Your cycling fallacy is…

“People frequently break the rules of the road when cycling (ignoring red lights, etc.)”

The response

Regardless of the mode of travel used, some people will break traffic rules. People are no more likely to break traffic laws when they are cycling than when they are driving or walking.

But there is also some evidence to suggest that where the road design is poor – usually because the environment has been designed only with motor vehicles in mind – intentionally and carefully violating a traffic rule may be safer. For example, the most visible form of red light jumping by people cycling is when someone sets off before the traffic signals turn green, in order to safely pass through the junction before motor traffic begins moving. Therefore some rule-breaking behaviour could be a reaction to a dangerously-designed environment, although of course this doesn't absolve someone who cycles in a manner hazardous to others.

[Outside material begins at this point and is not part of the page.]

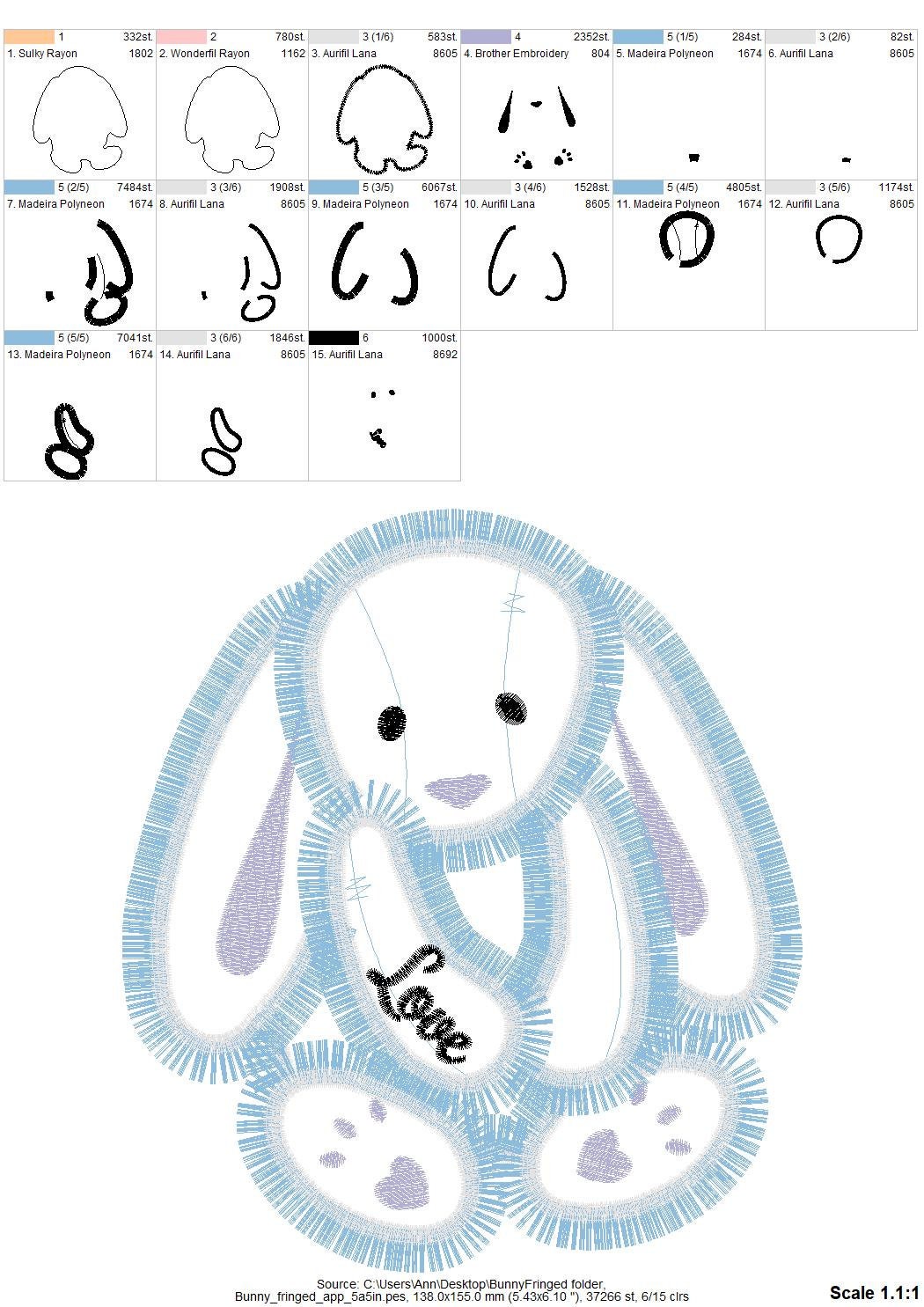 Fringed Bunny Floppy Ears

Good public infrastructure, designed with cycling in mind as a valid mode of transport, makes rule-breaking less attractive and/or necessary. The bad behaviour of some should not be used as an argument against improving conditions for all (a point that doesn't even need making for other modes of transport).

 

Your cycling fallacy is…

“People cycle on footways, causing danger to those walking”

The response

Although cycling on footways can be prevalent in some areas, it is almost always a symptom of poor conditions for cycling.

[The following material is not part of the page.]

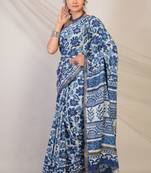 navy blue zari work cotton silk blend bhagalpuri ethnic saree with unstitched blouse
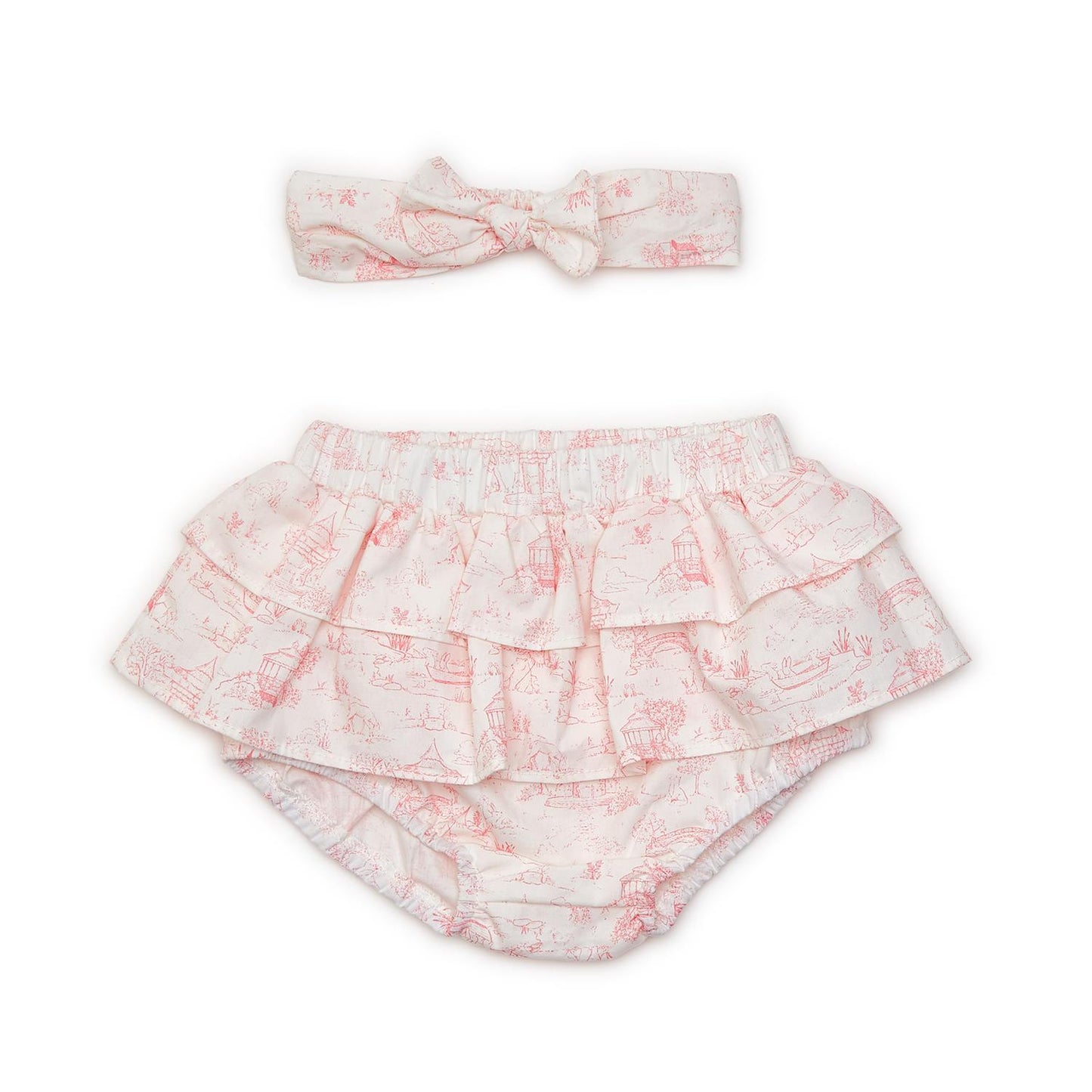 Animal Toile Ruffled Diaper Cover and Bow Headband Set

The best and most permanent way to tackle this problem is to create attractive places for cycling away from the footway, either in the form of cycleways separated from motor traffic, or by making the road itself a pleasant place to cycle by reducing the speed and volume of motor traffic to a low level.

And while cycling on the footway can be genuinely annoying, scary and inconvenient for those walking, the danger it causes should not be overstated either – the vast majority of deaths and injuries on the footway are due to motor vehicles. People in the UK are over 50 times more likely to be killed by someone driving a motor vehicle on the verge or footway, than by someone cycling.

 

Your cycling fallacy is…

“Cycling involves a risk of collision and therefore should require insurance, like motoring does”

The response

As a mode of transport, cycling does not present substantial risk to people or property, which is what mandatory insurance is designed to mitigate.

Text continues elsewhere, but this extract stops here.